客もまばらなロイヤルホストに、アラフィフおっさん二人のスクリームが響き渡る。
確かに彼(大学時代からの友人)の目の前に置かれた
ヨーグルトファッジは
僕らが想像しているよりずっと大きかった。
その重量級の佇まいは
まさしく
ドーン!
とか
デーン!
という擬音がピッタリな感じだ。
「まあ、全然、余裕で食べれるけどさ」
とつぶやきながら、箸もといスプーンを進める彼。
「ヨーグルトだから見た目よりあっさりしてるから全然いけるわ~」
「アサイーとか入っててヘルシーだしね」
などと聞かれてもないのに話し出す彼を見て、思わずかわいいと思ってしまった僕は多分、相当疲れていたのだと思う(苦笑)
その日の一次会は僕の家の近所の居酒屋で行い、そのときはお互いの家族のこと、仕事のことをずっと真面目に話し込んでいた。
で、そもそもの今回の飲み会のきっかけを説明すると、一昨年の12月24日(クリスマスイブ)に彼が出張から帰ると、なんと自宅はもぬけの殻で、それ以来、奥さんとはずっと離婚調停中で、小学生の娘さんとも会えずじまいだった彼がこのGWに久しぶりに娘さんに会いに行くと聞いていたから、正直、その顛末が気になって、僕から飲もうと誘ったのだった。
見た目が彼にクリソツな、でも、なぜかちゃんと可愛い真美ちゃん(仮名)は最初こそ照れくさそうにしていたけれど、帰り際にはさみしそうな表情を浮かべながら、
「今度はいつ会えるの?」
と言ってくれたそうだ。
さらに転校先の学校でも生徒会の書記をやってたり、どうやら楽しく過ごしているとのことだった。
「千葉にいた頃は友達にいじられたりしてて学校があまり楽しそうに見えなかったから、彼女にとってはこれでむしろ良かったのかもな」
なんてことを安堵の表情を浮かべながら、さらりと言ってのける彼は
柄にもなく、そして
まぎれもなく
お父さんだった。
しかし、大学時代から「鬼畜系」とあだ名されていた彼がまさか人間の女性と結婚して、さらに産まれた子供のことをあんなにも溺愛するとは正直思ってもなかったから、今の彼が置かれているこの状況は、こんな風に言うのもどうかと思うけど、
鬼が元の自分の住処に戻ったような
そんな安定感を感じさせた。
確かに、昨年、彼の家に泊りに行ったとき
「ららぽーとで子供の手を引くお父さんの姿を見ると、切なくてたまらない気持ちになるんだよね」
と彼が呟いたときも、気の毒だなと思いつつも、ぶっちゃっけ
「なんからしくないな〜」
「これじゃあ、まるで鬼の目に涙やん」
と思ってたしね。
でも、今、僕の目の前にいる彼は
たとえ一人でもガシガシとたくましく生きてくぞ!
という力強さを備えた
あの立派な鬼の姿
に戻っていた。
そして、娘さんの話を聞いた後もお互いの仕事の話などを熱く話していたのだけど、実は会話しながら、終始、何となくコスプレしてるみたいな違和感というか居心地の悪さを感じていた。
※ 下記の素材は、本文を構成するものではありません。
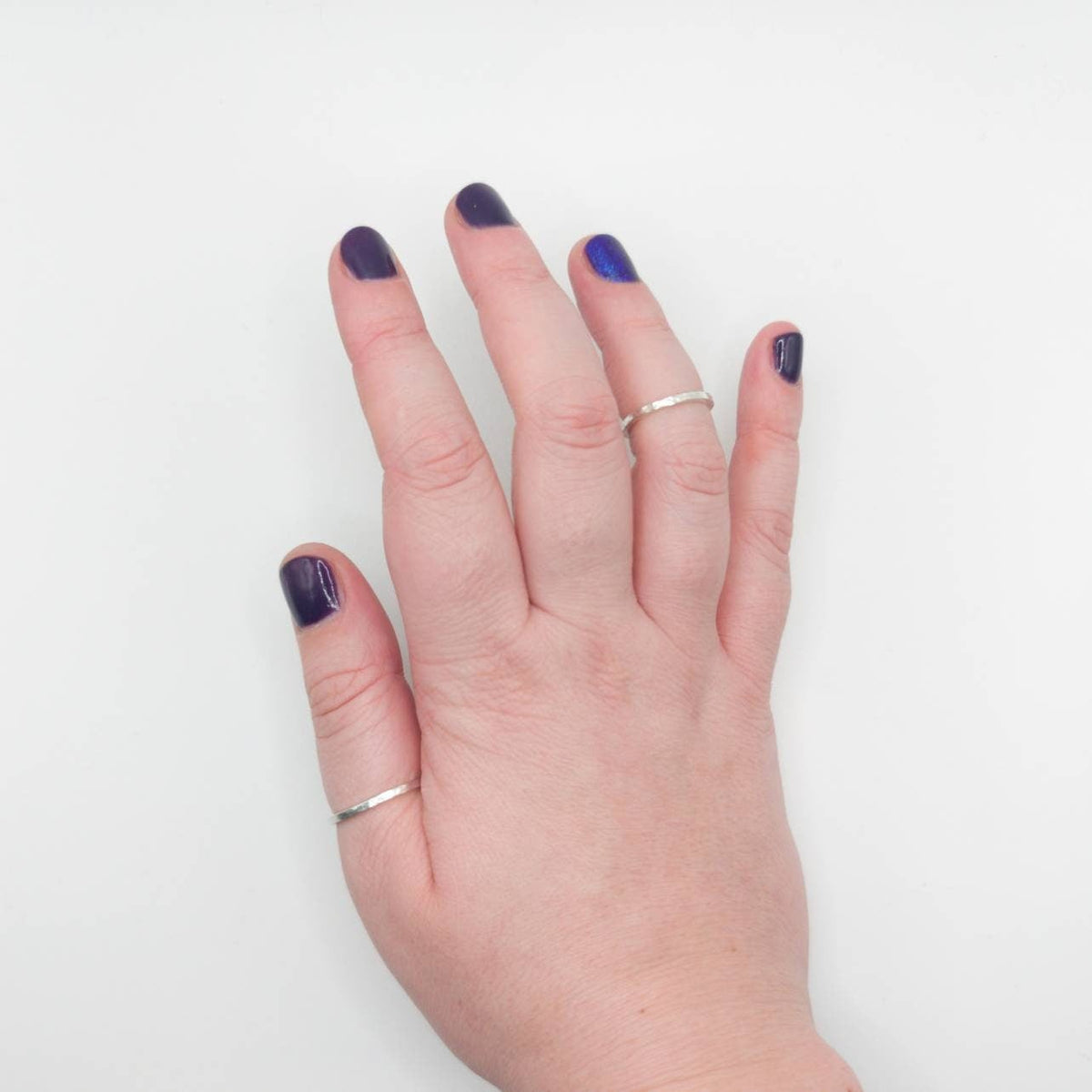 Dainty Eco Silver Hammered Ring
そして、その違和感の正体に、ロイホで彼と向かい合わせでパフェを食べている最中に急に気付いたのだった。
そうだったわ。
さっきまでは何だかんだ一丁前の親とかサラリーマン面して話していたけど、元来の僕たちは、そんな社会性のかけらもないどうしようもないクソ野郎なのだった。
そして、彼がヨーグルトファッジを食べ終わる頃には、すっかりそんな本来の自分を取り戻した僕たちは、ここに書くことが憚れるようなくだらない話題で盛り上がっていた。
閉店間際のシンとしたファミリーレストラン。
その店内に高らかに響く
「ガハハハ」
という彼の豪快な笑い声を聞きながら、
なぜだろう、僕は。
まるで人里離れた山奥で
月明かりの下、
泣いた赤鬼と青鬼が宴を開いているような
ふとそんな気分になっていたのだった。